James Brusey - One of the best experts on this subject based on the ideXlab platform.

  • leveraging knowledge from Physiological Data on body heat stress risk prediction with sensor networks
    IEEE Transactions on Biomedical Circuits and Systems, 2013
    Co-Authors: Elena Gaura, John Kemp, James Brusey
    Abstract:

    The paper demonstrates that wearable sensor systems, coupled with real-time on-body processing and actuation, can enhance safety for wearers of heavy protective equipment who are subjected to harsh thermal environments by reducing risk of Uncompensable Heat Stress (UHS). The work focuses on Explosive Ordnance Disposal operatives and shows that predictions of UHS risk can be performed in real-time with sufficient accuracy for real-world use. Furthermore, it is shown that the required sensory input for such algorithms can be obtained with wearable, non-intrusive sensors.

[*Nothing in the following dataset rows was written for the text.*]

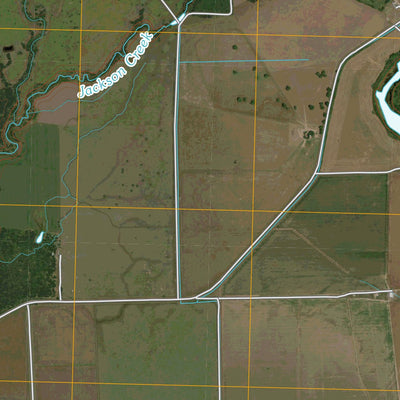 Daniels, TX (2010, 24000-Scale) Preview 2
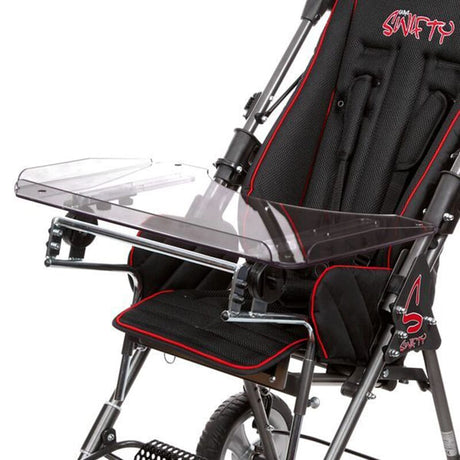 Thomashilfen Swifty Stroller - Pediatric Folding Wheelchair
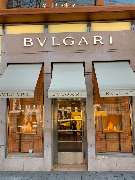 BVLGARI - GALLERY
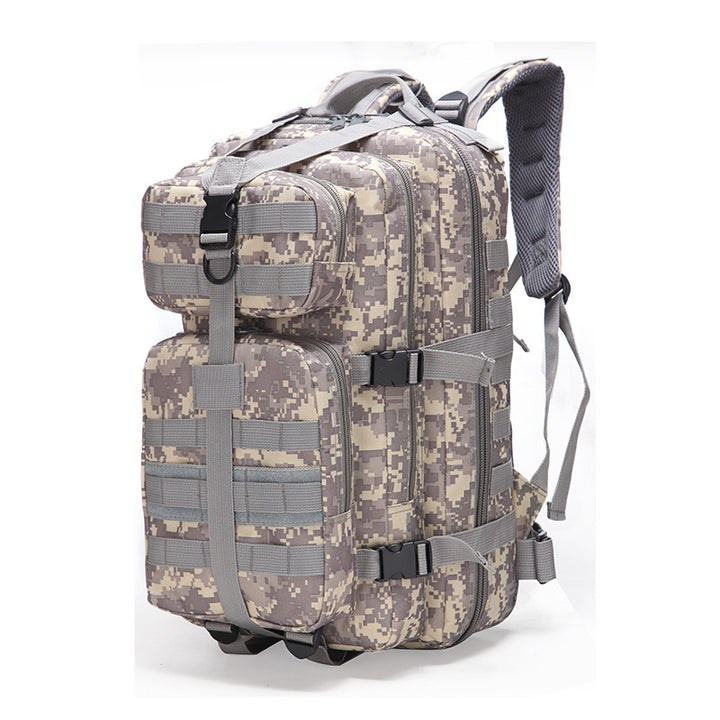 Tactical Backpack Bowlift
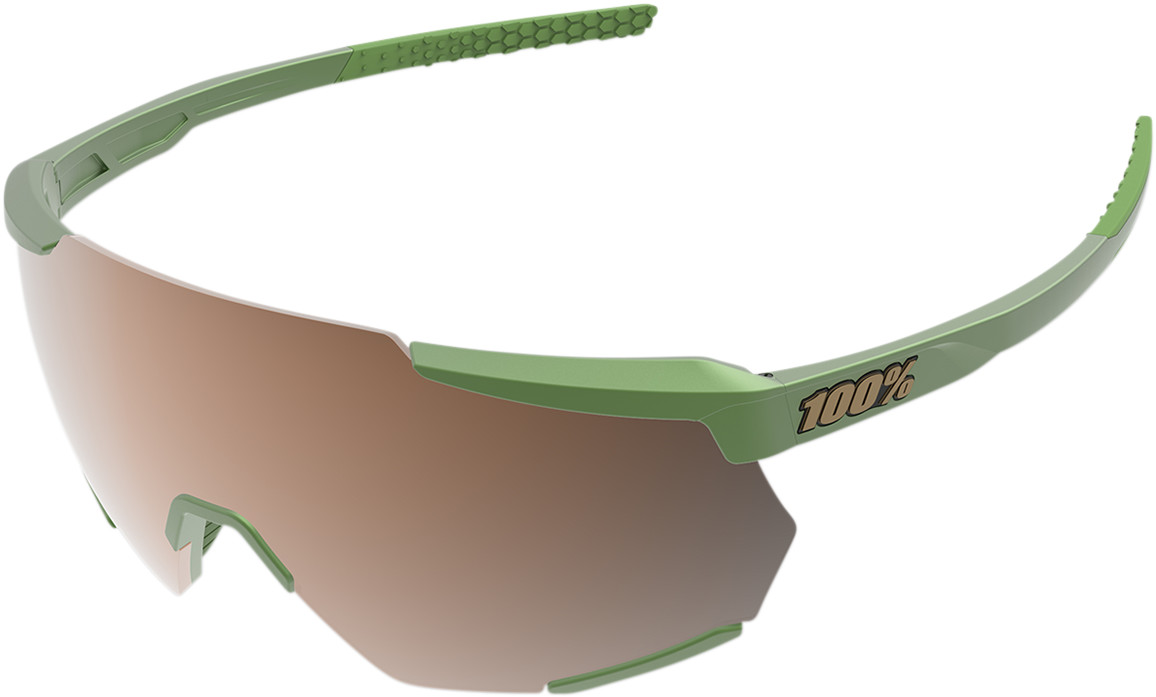 100% Racetrap Performance Sunglasses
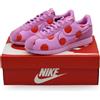 Nike IR1332-500 Nike Cortez da donna "Polka Dot/Light Magenta"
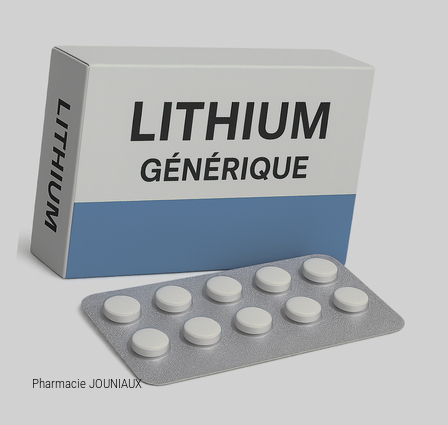 lithium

Two algorithms, one based on Bayesian nets and another on decision trees, are presented for determining the heat stress risk, considering the mean skin temperature prediction as a proxy. The algorithms are trained on empirical Data and have accuracies of 92.1 ± 2.9% and 94.4 ± 2.1%, respectively when tested using leave-one-subject-out cross-validation. In applications such as Explosive Ordnance Disposal operative monitoring, such prediction algorithms can enable autonomous actuation of cooling systems and haptic alerts to minimize casualties.